### WHAT IS REQUIRED
The following data has a line with "锂电材料行业周报：上周三元前驱体及材料价格下跌 磷酸铁锂需求拉动开工上行" and a line with "Kem Giảm Mụn". Write out exactly those lines and all the lines between them.

### ENTRIES SUPPLIED
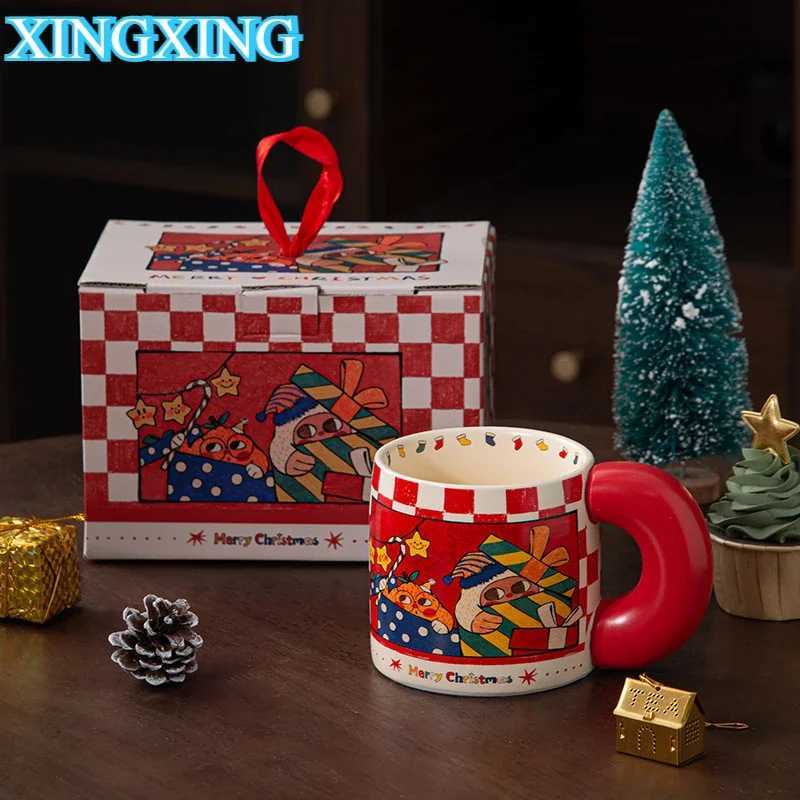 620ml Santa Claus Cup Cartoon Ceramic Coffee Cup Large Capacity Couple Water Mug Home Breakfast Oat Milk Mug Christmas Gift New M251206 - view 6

* * *

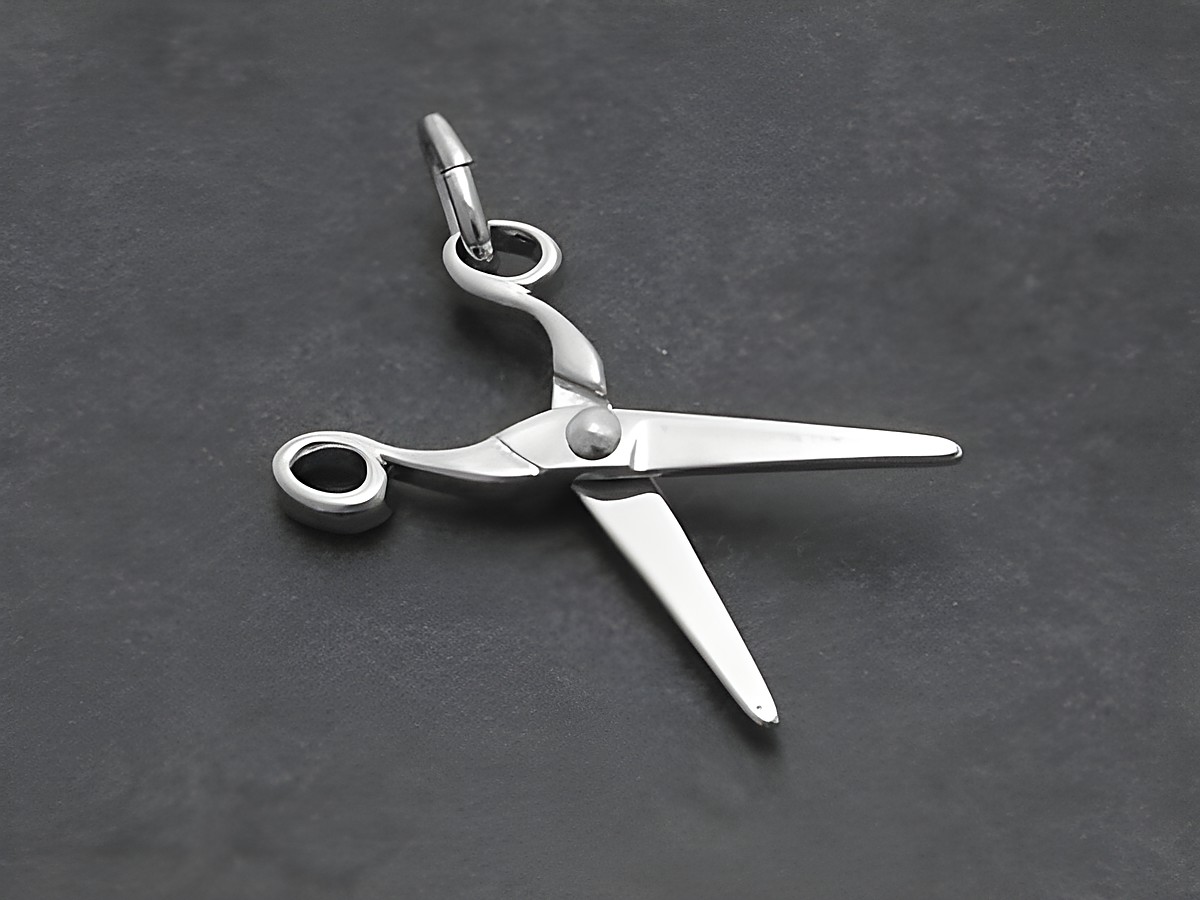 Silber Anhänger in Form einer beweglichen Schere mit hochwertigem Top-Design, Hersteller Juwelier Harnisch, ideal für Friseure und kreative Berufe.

...

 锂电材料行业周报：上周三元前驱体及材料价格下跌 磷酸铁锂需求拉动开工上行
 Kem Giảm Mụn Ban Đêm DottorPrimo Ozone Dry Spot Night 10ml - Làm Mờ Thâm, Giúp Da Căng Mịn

### ANSWER TO THE PROBLEM
 锂电材料行业周报：上周三元前驱体及材料价格下跌 磷酸铁锂需求拉动开工上行
 Kem Giảm Mụn Ban Đêm DottorPrimo Ozone Dry Spot Night 10ml - Làm Mờ Thâm, Giúp Da Căng Mịn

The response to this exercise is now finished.